Эта фундаментальная «пустота» игры — черта, которая более всего вредит ее репутации. Одновременно она позволяет с беспечностью предаваться игре и поддерживает ее изоляцию от продуктивных видов деятельности. То есть каждый изначально понимает, что игра — это всего лишь приятная прихоть и пустая забава, с каким бы тщанием в нее ни играли, какие бы наши способности она ни приводила в действие, какой бы строго упорядоченной она ни была. Это хорошо иллюстрирует следующая фраза Шатобриана: «В спекулятивной геометрии есть свои бесполезные игры, как и в других науках».

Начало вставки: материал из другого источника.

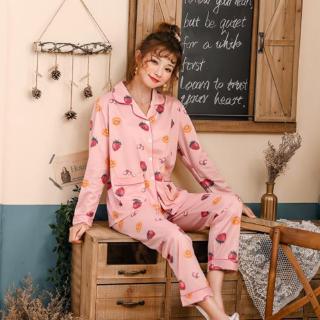 Stockwomen pijamas ropa de dormir rosa de dibujos animados ropa de dormir conjunto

Представляется особенно показательным, что выдающиеся историки, в результате глубоких исследований, и весьма добросовестные психологи, в итоге систематических, многократно повторенных наблюдений, сочли нужным рассматривать дух игры как одну из важнейших движущих сил, воздействующих на развитие высших проявлений культуры общества, на моральное воспитание и интеллектуальный рост индивида. Незначительность игры, которой можно пренебречь, столь неправдоподобно контрастирует с огромной важностью результатов, которые вдруг оказываются с нею связаны, что начинаешь думать, нет ли здесь просто парадокса, изощренного, но ни на чем не основанного.

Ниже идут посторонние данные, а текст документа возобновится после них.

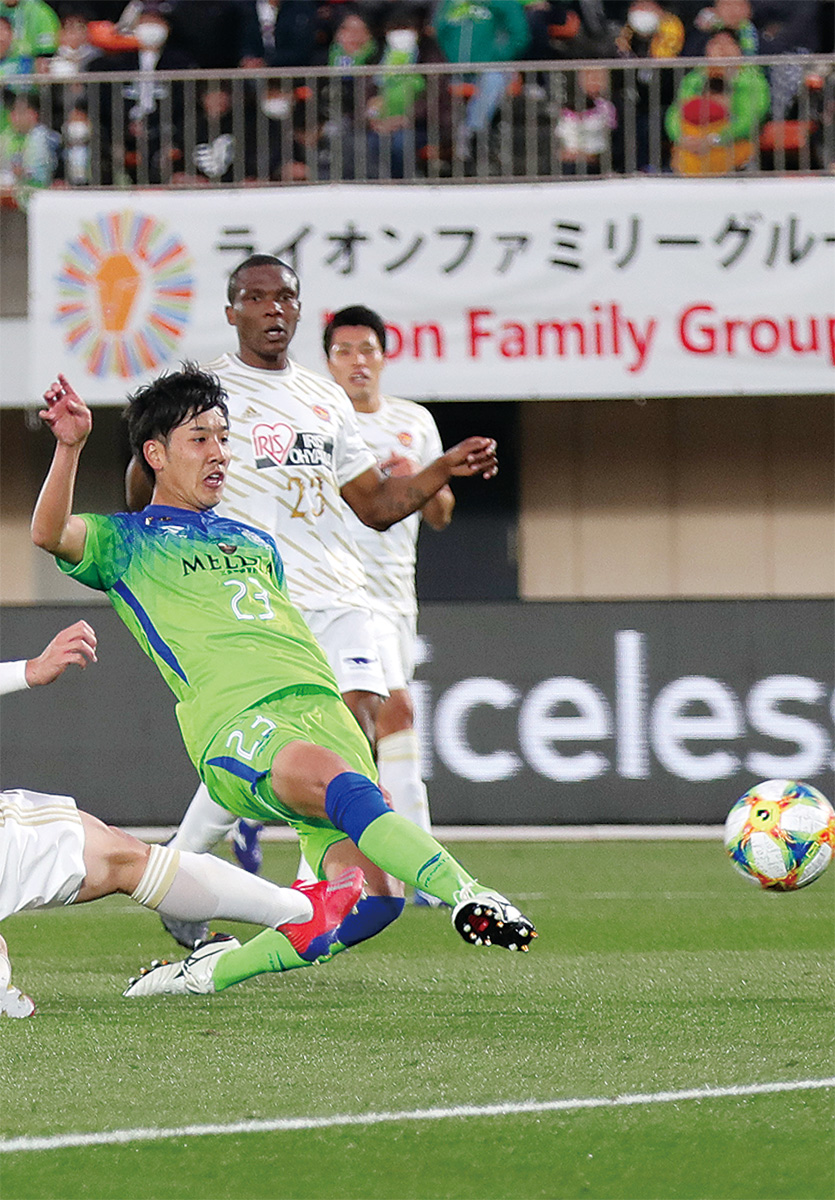 J1初出場で初ゴールを決めた小野田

Прежде чем рассматривать тезисы или предположения тех, кто восхваляет игру, мне представляется полезным подвергнуть анализу имплицитные представления, заложенные в понятии игры и проявляющиеся в различных непрямых употреблениях этого слова, когда оно применяется как метафора. Если игра действительно изначальная движущая сила цивилизации, то эти вторичные значения слова наверняка окажутся кое в чем поучительными.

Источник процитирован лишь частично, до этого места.